Purpose of the 2006 Plan
The purpose of the 2006 Plan is to provide a flexible global framework that will permit Axcan’s Board to strategically grant stock-based incentive compensation that is aligned with Axcan’s business strategy, its competitive markets, and the regulatory climate. Axcan believes that it is in the best interest of shareholders for employees to own stock in Axcan and that such ownership will:
| • | enhance Axcan’s ability to attract highly qualified personnel on a global basis, |
| • | strengthen its retention capabilities, |
| • | enhance the long-term performance and competitiveness of Axcan as a multinational company, and |
| • | align the interests of participants with those of stockholders. |
The 2006 Plan is designed to link the financial rewards of employees, wherever located, to Axcan’s long-term performance and enhances Axcan’s ability to compete in the regional markets where Axcan does business. It is a versatile, strong plan that closely corresponds with corporate governance guidelines and allows Axcan to compete for talent around the world.
Description of the 2006 Plan
General.
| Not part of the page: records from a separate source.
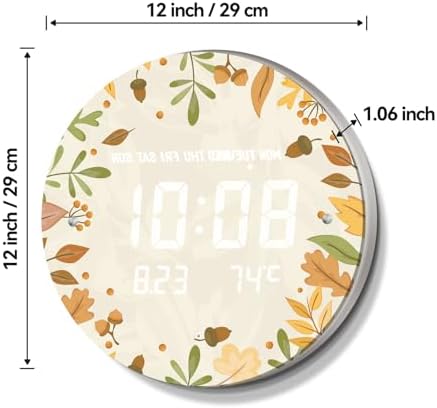 Digital LED Wall Clock for Home & Office, Autumn Leaf - Image 2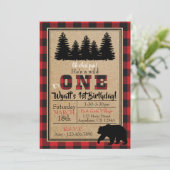 バッファロープレイド誕生日招待状 招待状 (スタンド正面)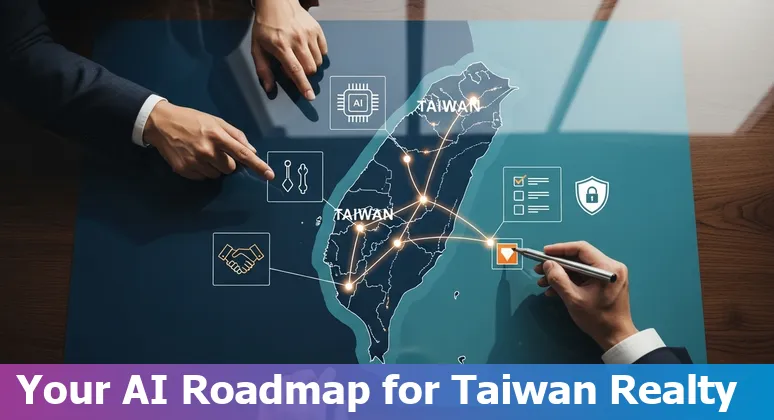 Illustration of AI applications in Taiwan real estate 2025 with buildings, data charts and regulatory icons in Taiwan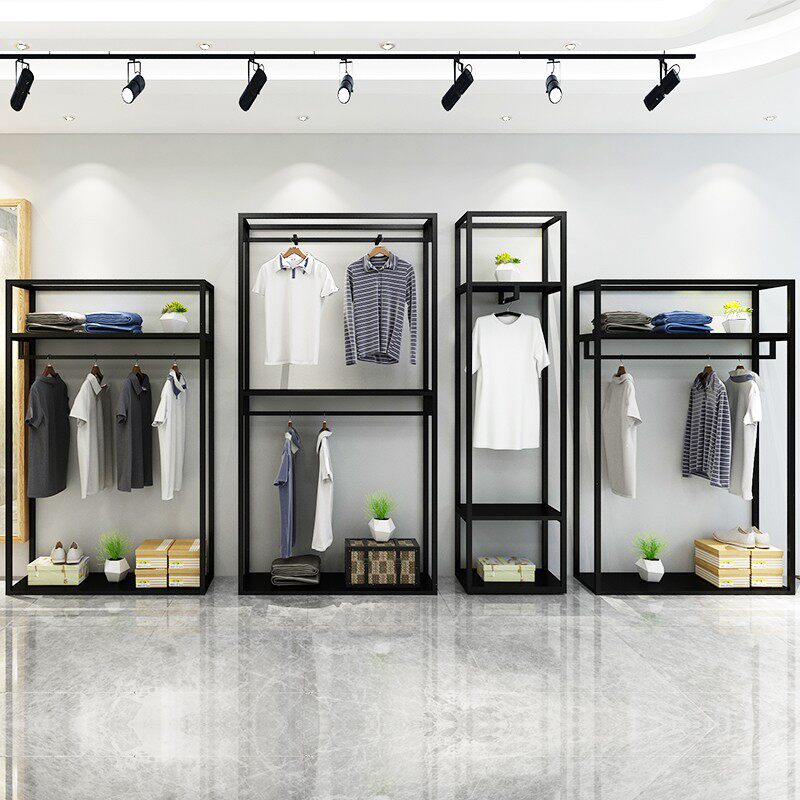力洲服装店货架男装展示架落地式铁艺双层侧挂架店铺装修中岛架子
A maximum of 2,300,000 common shares, being approximately 5.0% of the common shares outstanding as at January 22, 2007 may be made the subject of awards under the 2006 Plan, with no more than 800,000 shares being available for awards in the form of Restricted Shares, Restricted Share Units (“RSUs”), Unrestricted Shares, Deferred Share Units (“DSUs”) and Performance Shares. During the term of the 2006 Plan, no participant may receive awards that relate to more than 5% of the issued and outstanding shares (on a non-diluted basis) on the date of grant. However, these limits will be automatically adjusted in the event of certain changes in the capitalization of the Corporation.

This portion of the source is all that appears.